O combate aos incêndios florestais é caro e complexo em qualquer lugar do mundo. Resolver esses problemas requer planejamento e a coordenação das ações de órgãos públicos e de defesa civil.

26 de novembro de 2008 · 15 anos atrás

Quando sentei para escrever esta coluna, setenta e cinco mil hectares, equivalentes a cerca de 50% da área do Parque Nacional da Chapada Diamantina, já tinham sido consumidos pelo pior incêndio de que se tem notícia na história da região. Na esteira da tragédia também ardem os planos e projetos contingenciais, feitos com o intuito de prevenir adversidades dessa ordem. Uma análise mais cuidadosa da realidade, contudo, permite explicar as dificuldades para debelar um fogaréu de tamanha dimensão e pode apontar soluções duradouras e eficientes.

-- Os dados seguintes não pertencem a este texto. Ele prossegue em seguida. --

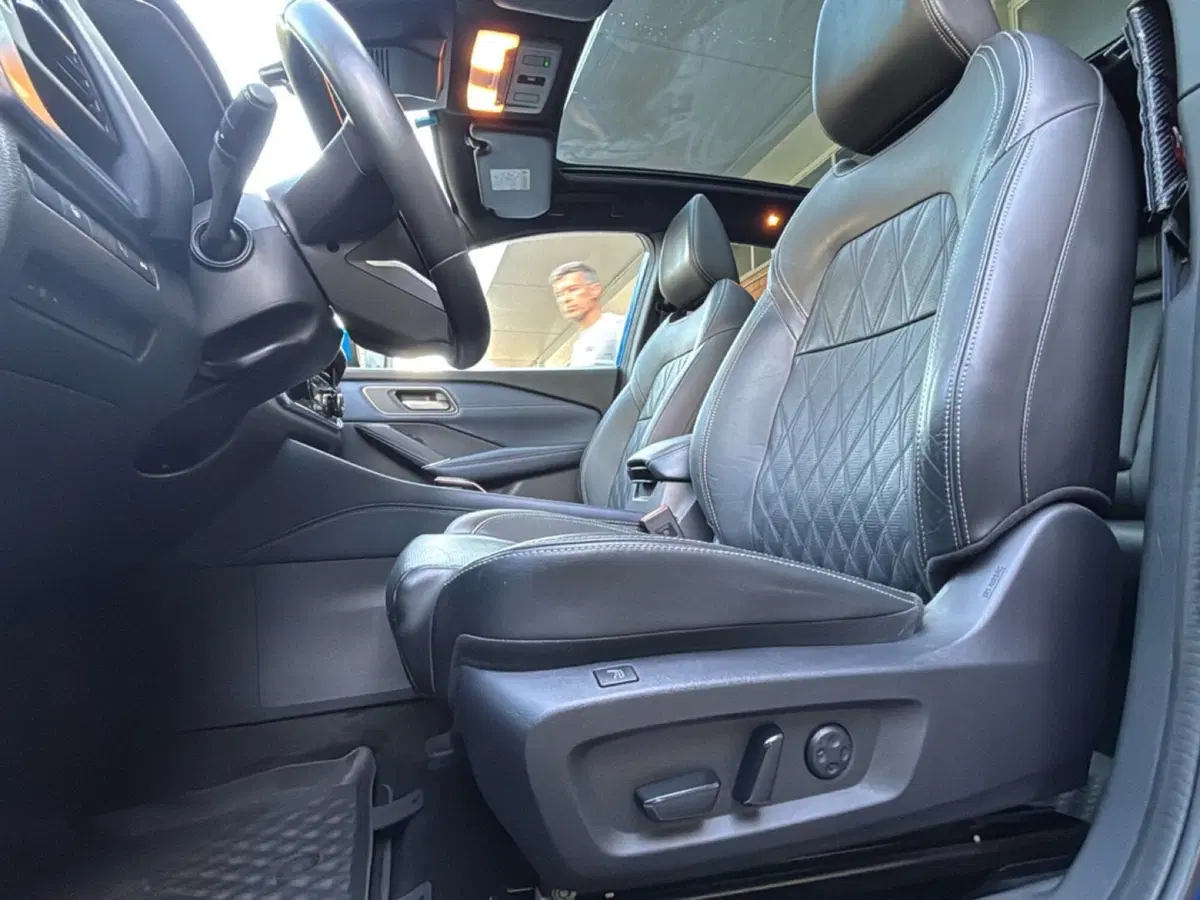 Nissan Qashqai usata a Bologna (7)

Planejar combate a incêndios sempre foi tarefa espinhosa para a humanidade. Extinguir um fogo de grandes proporções exige conhecimento técnico, equipamento adequado e acessibilidade à água. Quando se trata de queimadas em áreas naturais, o problema se agrava, pois ventos fortes e cambiantes, abundante quantidade de matéria comburente e a normalmente difícil acessibilidade aos focos dificulta ainda mais o trabalho e exige o emprego de grande quantidade de efetivos. Tanto do ponto de vista econômico quanto prático a conta não fecha. Sai muito caro manter batalhões de bombeiros aquartelados e inativos, à espera de um sinistro que pode ficar longos períodos sem acontecer. Por outro lado, quando esses infernos ocorrem, nunca há gente suficiente pra lhes fazer frente.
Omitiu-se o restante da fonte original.